▶ **Given material**:
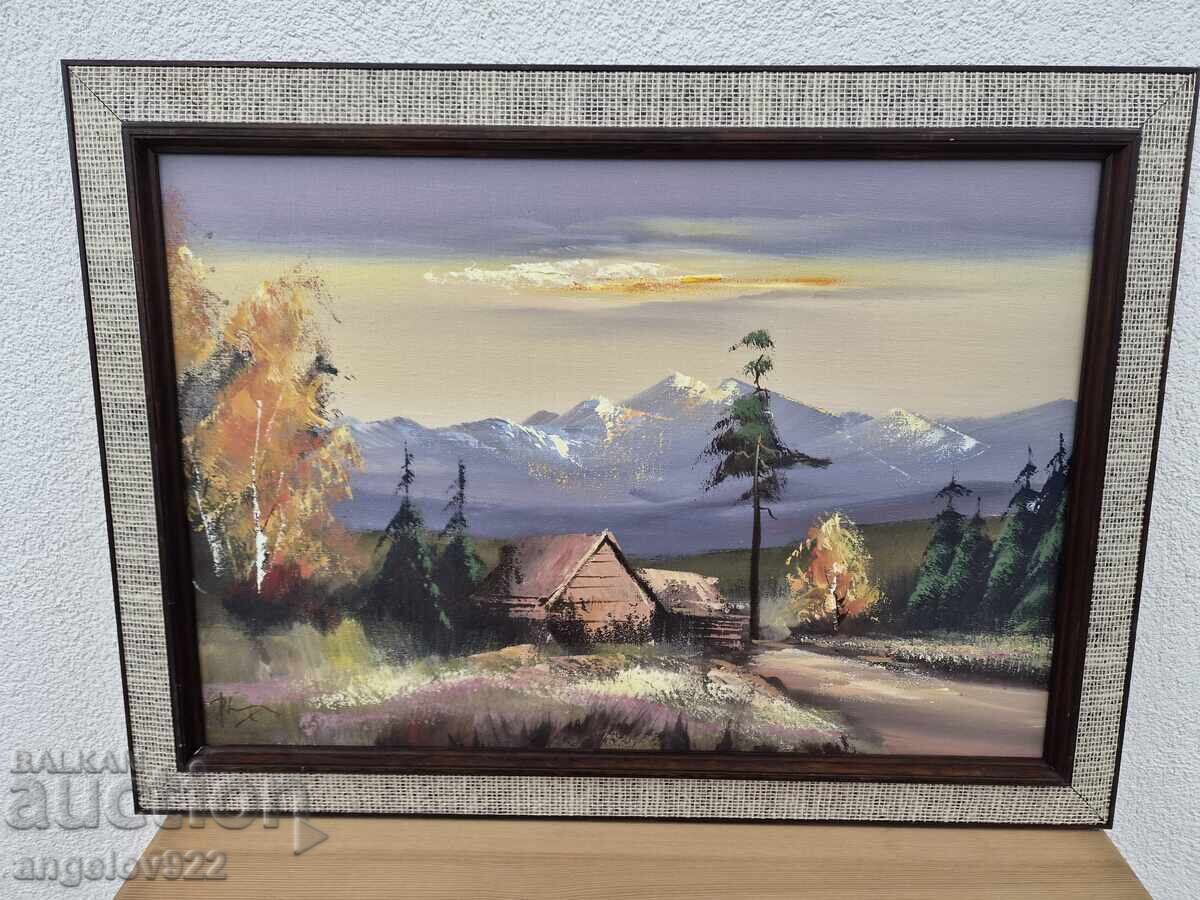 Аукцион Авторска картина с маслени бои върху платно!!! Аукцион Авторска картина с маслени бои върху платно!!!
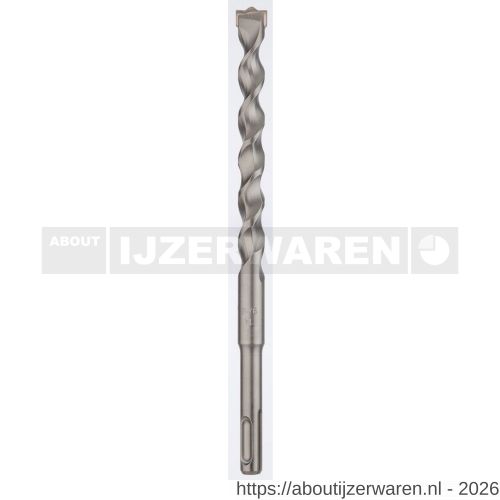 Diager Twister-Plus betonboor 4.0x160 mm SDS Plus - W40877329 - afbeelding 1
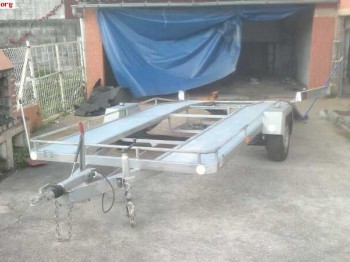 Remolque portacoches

▶ **Task**:
Drop every picture from the data, then output all the rest exactly.

▶ **Exercise output**:
 Аукцион Авторска картина с маслени бои върху платно!!! Аукцион Авторска картина с маслени бои върху платно!!!
 Diager Twister-Plus betonboor 4.0x160 mm SDS Plus - W40877329 - afbeelding 1
 Remolque portacoches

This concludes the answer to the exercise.